Corporate News
Loser moves to stop award of emergency power tender
An official with Kenya Power and Lighting Company takes notes at a sub-station in Nairobi. Energy Trading Group FZC wants KPLC stopped from executing the tender for the establishment of one of the three 60-80 MW power plants it awarded a fortnight ago. File
Posted Sunday, January 24 2010 at 16:57
Though thermal power is cheaper to develop, energy economists say it ultimately gets expensive in the long run when its impact on power bills inflation and environmental damage it causes are factored in.
Thermal power mainly ramps up consumer prices through fuel cost charges -- a varying item on the power bills --that is linked to the amount of power it contributes to the national grid.
The Request for Proposals, says Energy Trading, was clear that the bids were for development of the power plants operated with Heavy Fuel Oil, but instead the Procuring Entity has proceeded to award the tender to a bidder whose submission would appear to be based on Gas Oil, rather than Heavy Fuel Oil.
“As such, the Procuring Entity has acted in breach of Sections 31 and 34 of the Public Procurement and Disposal Act, “ it said.
The firm is seeking orders before the board to have the decision by KPLC set aside and nullified and instead re-evaluate the bids.

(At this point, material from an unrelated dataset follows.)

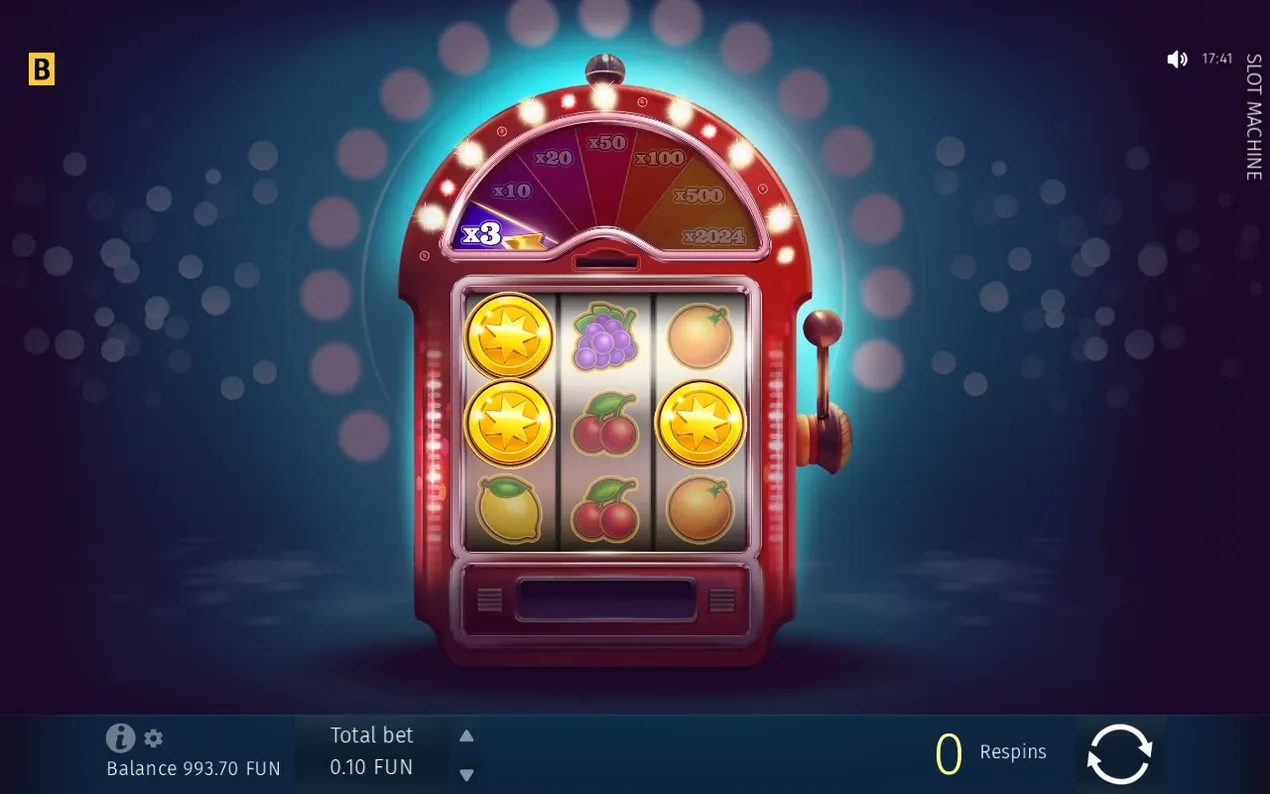 Slot Machine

In an affidavit, Varinder Puri, the Director in charge of Finance, Mergers and Acquisitions, at Energy Trading says evaluation of the price proposals has been undertaken on the basis of an unequal and skewed formula that makes it impossible to evaluate the bids objectively.

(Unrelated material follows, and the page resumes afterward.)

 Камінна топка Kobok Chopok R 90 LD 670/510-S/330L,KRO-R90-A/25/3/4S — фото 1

Mr Puri says the successful bidder, Triumph, quoted its Specific Fuel Consumption figures for its proposed plant at 0.191 kg/kWh, whilst his firm’s figures was 0.211 kg/kWh.

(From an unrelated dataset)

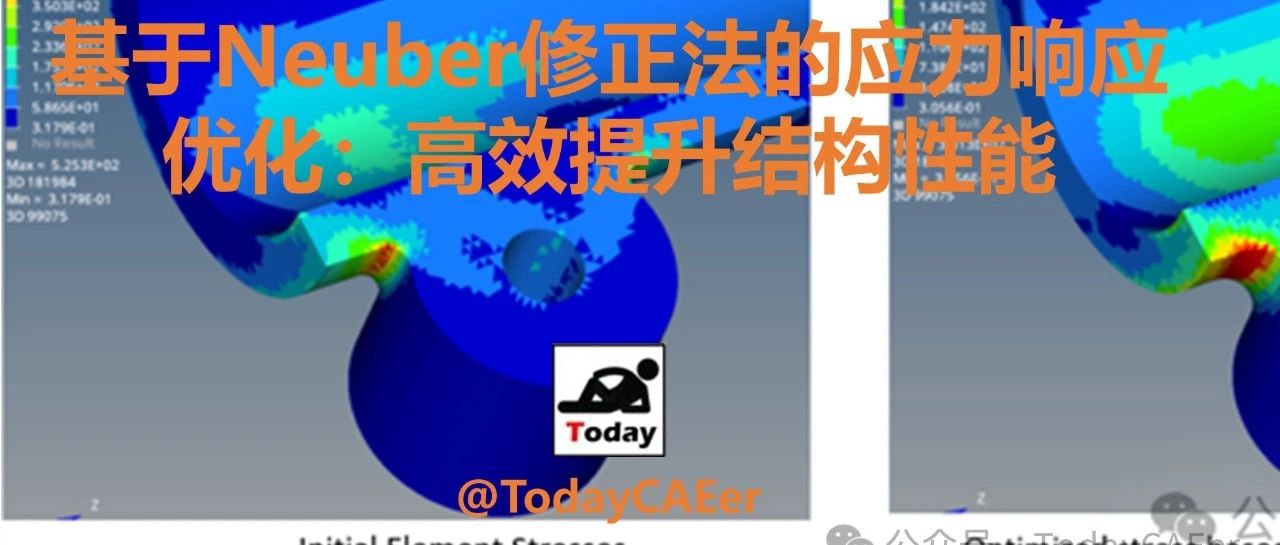 基于Neuber修正法的应力响应优化：高效提升结构性能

“Our estimation is that the fuel oil being proposed by Triumph would have been of a calorific value of approximately 42,700 kJ/kg as opposed to the Applicant’s bid which was based on a minimum calorific value of 40,585 kj/kg” .
As a result, says he says, based on a price differential of $200/MT between the gas oil offered by Triumph and the HFO by Energy Trading shows the plant by the former would cost the Kenyan taxpayers about Sh14 billion over and above the latter’s fee in absolute terms, or Sh8 billion if a discount factor of 12 per cent is applied over the period of 20 year span of the project.